# Prompt:
The stretch wanted below opens at the line containing "Питомник Маленький Ангел" and closes at the line containing "283 Acres of Land for Sale in Osceola, Iowa". Please return it exactly, with no other lines.

START Records supplied

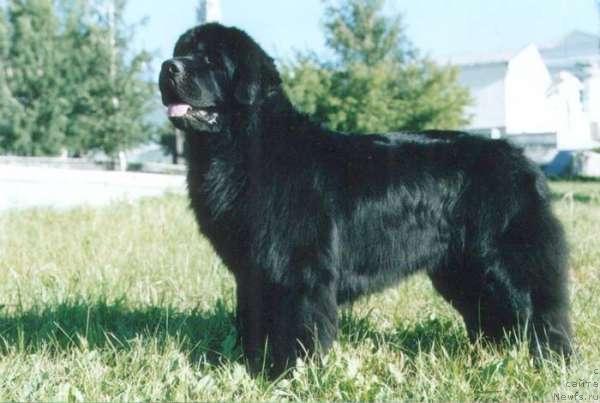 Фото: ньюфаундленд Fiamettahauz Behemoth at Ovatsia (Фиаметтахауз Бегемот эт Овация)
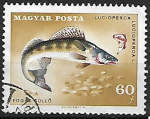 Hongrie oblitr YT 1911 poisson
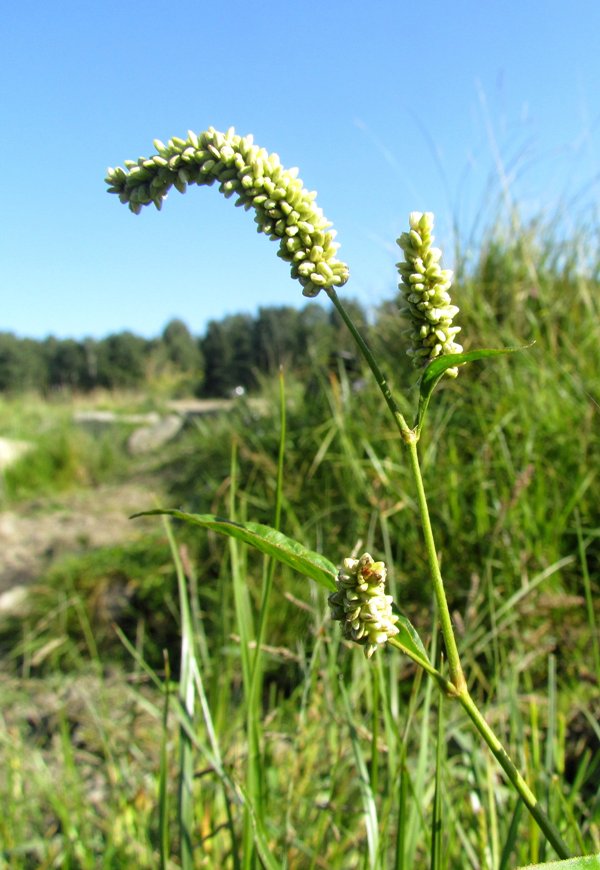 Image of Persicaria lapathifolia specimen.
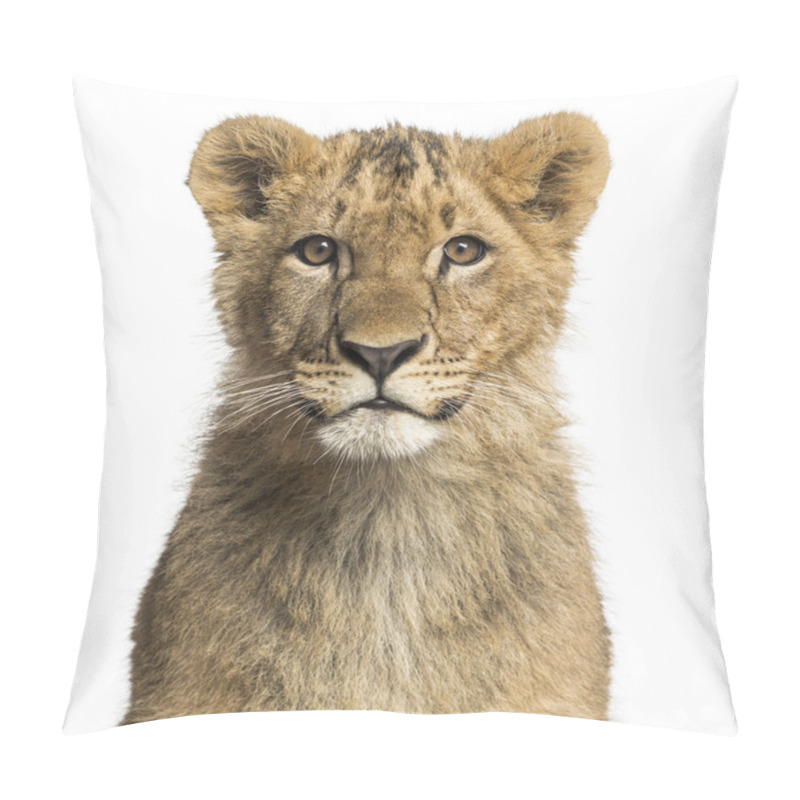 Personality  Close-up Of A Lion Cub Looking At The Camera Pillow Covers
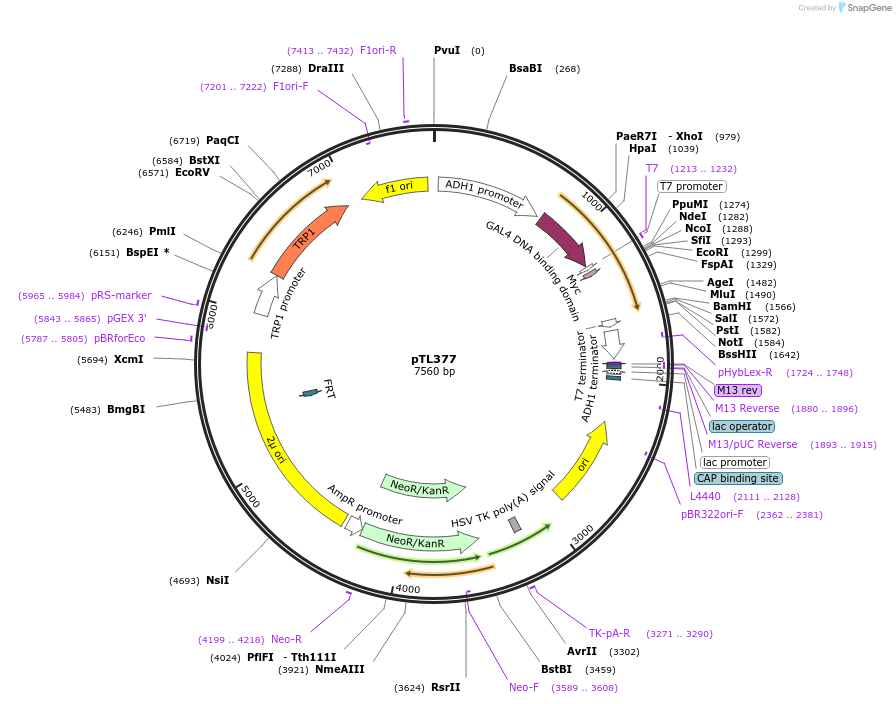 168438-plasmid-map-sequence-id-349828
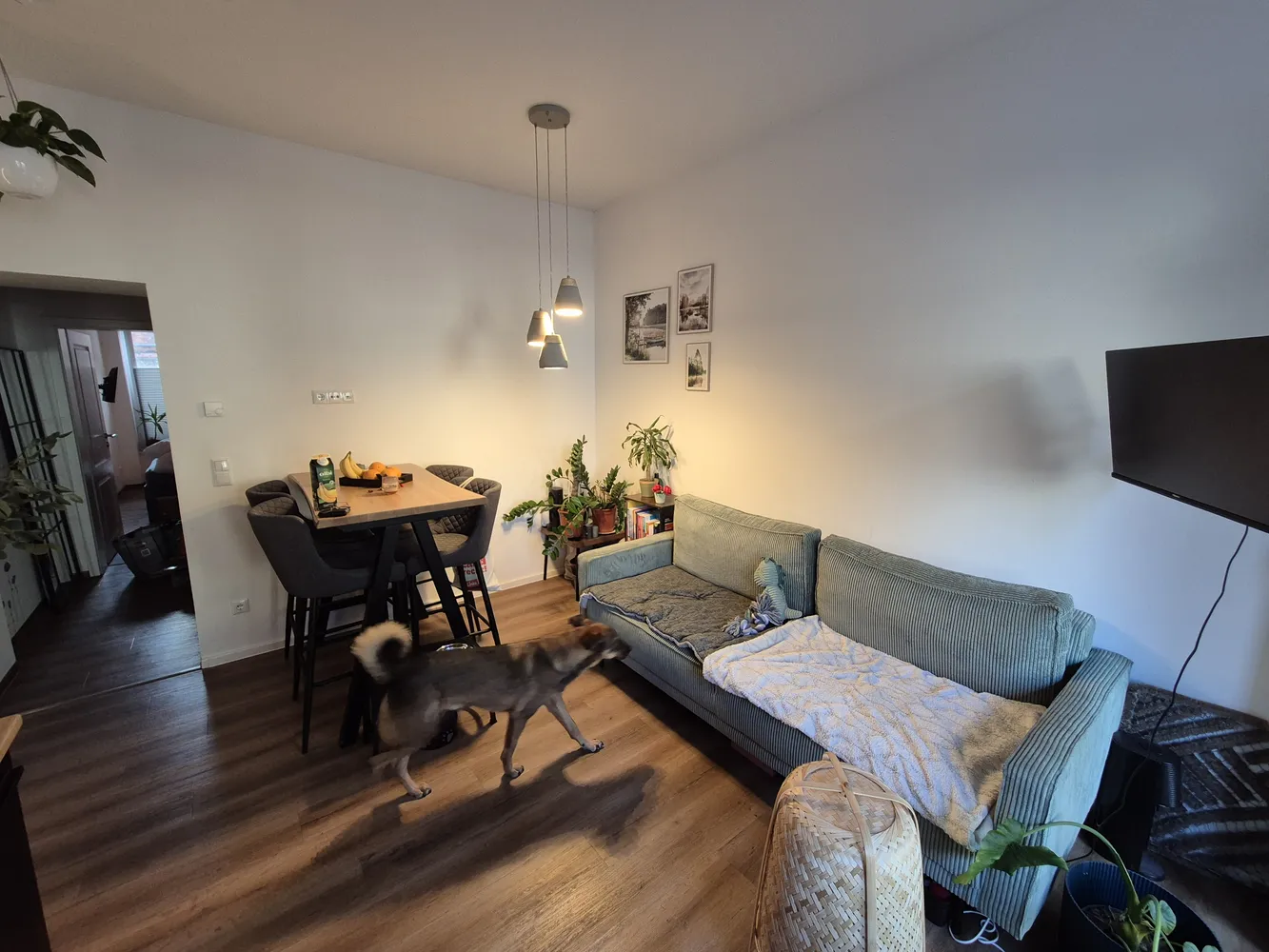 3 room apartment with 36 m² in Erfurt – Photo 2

END Records supplied
START Records supplied

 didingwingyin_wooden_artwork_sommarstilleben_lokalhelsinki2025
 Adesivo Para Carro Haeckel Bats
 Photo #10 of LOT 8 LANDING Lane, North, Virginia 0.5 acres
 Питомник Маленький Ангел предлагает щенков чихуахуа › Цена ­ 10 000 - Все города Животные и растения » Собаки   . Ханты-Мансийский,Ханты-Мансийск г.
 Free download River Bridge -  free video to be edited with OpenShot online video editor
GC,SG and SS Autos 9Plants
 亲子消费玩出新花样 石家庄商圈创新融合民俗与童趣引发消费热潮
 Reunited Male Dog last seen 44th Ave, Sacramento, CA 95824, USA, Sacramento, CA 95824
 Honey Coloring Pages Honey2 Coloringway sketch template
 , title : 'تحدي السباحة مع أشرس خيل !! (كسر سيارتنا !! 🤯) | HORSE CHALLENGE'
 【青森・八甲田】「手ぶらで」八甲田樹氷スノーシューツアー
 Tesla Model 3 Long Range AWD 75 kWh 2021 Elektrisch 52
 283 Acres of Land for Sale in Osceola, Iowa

END Records supplied

# Finished exercise:
 Питомник Маленький Ангел предлагает щенков чихуахуа › Цена ­ 10 000 - Все города Животные и растения » Собаки   . Ханты-Мансийский,Ханты-Мансийск г.
 Free download River Bridge -  free video to be edited with OpenShot online video editor
GC,SG and SS Autos 9Plants
 亲子消费玩出新花样 石家庄商圈创新融合民俗与童趣引发消费热潮
 Reunited Male Dog last seen 44th Ave, Sacramento, CA 95824, USA, Sacramento, CA 95824
 Honey Coloring Pages Honey2 Coloringway sketch template
 , title : 'تحدي السباحة مع أشرس خيل !! (كسر سيارتنا !! 🤯) | HORSE CHALLENGE'
 【青森・八甲田】「手ぶらで」八甲田樹氷スノーシューツアー
 Tesla Model 3 Long Range AWD 75 kWh 2021 Elektrisch 52
 283 Acres of Land for Sale in Osceola, Iowa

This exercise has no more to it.